| Work task |
Could you write out the listing below exactly as it stands, leaving out the pictures?

| Given information |
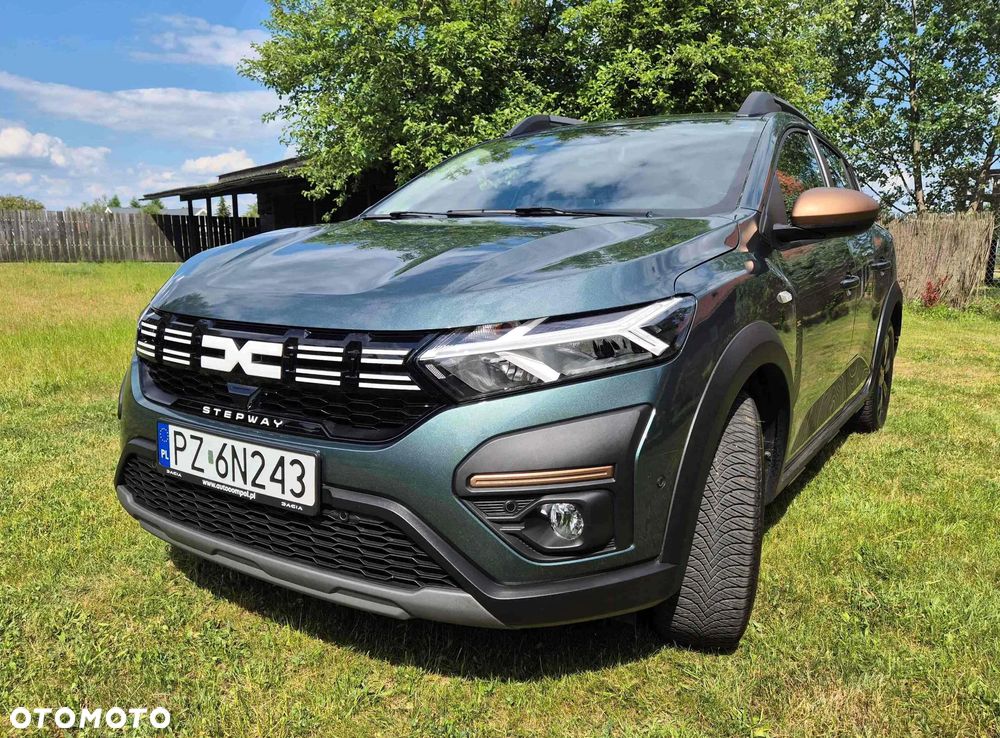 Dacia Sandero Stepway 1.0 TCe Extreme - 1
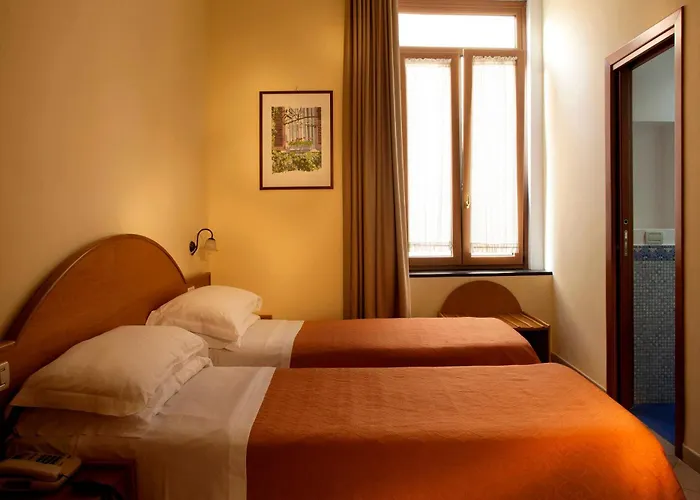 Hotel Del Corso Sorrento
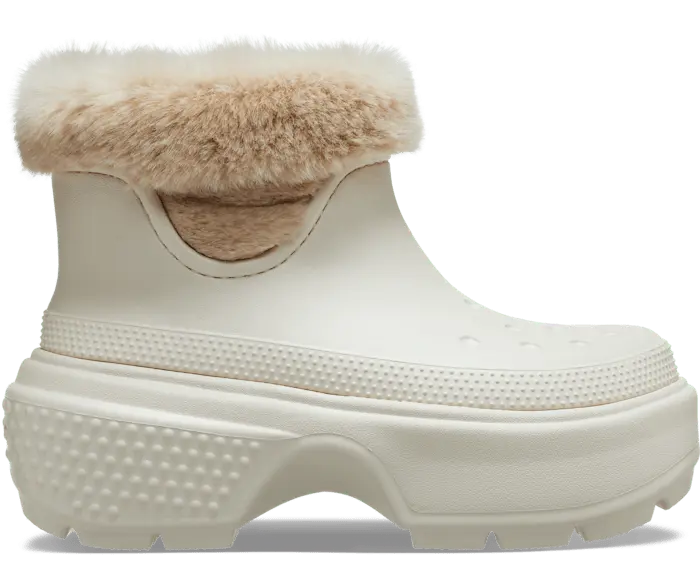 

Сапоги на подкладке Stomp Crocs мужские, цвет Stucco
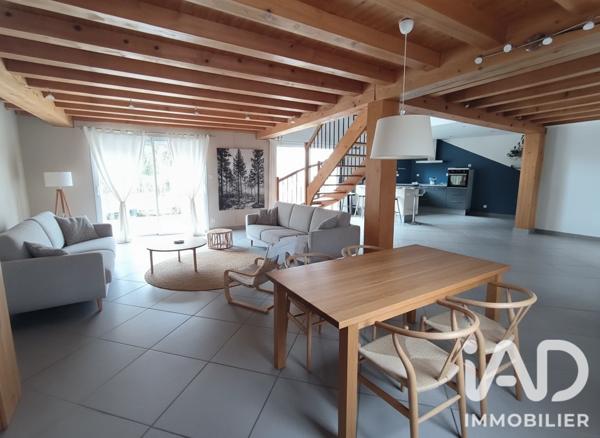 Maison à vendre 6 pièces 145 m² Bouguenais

| Result of the task |
 Dacia Sandero Stepway 1.0 TCe Extreme - 1
 Hotel Del Corso Sorrento

Сапоги на подкладке Stomp Crocs мужские, цвет Stucco
 Maison à vendre 6 pièces 145 m² Bouguenais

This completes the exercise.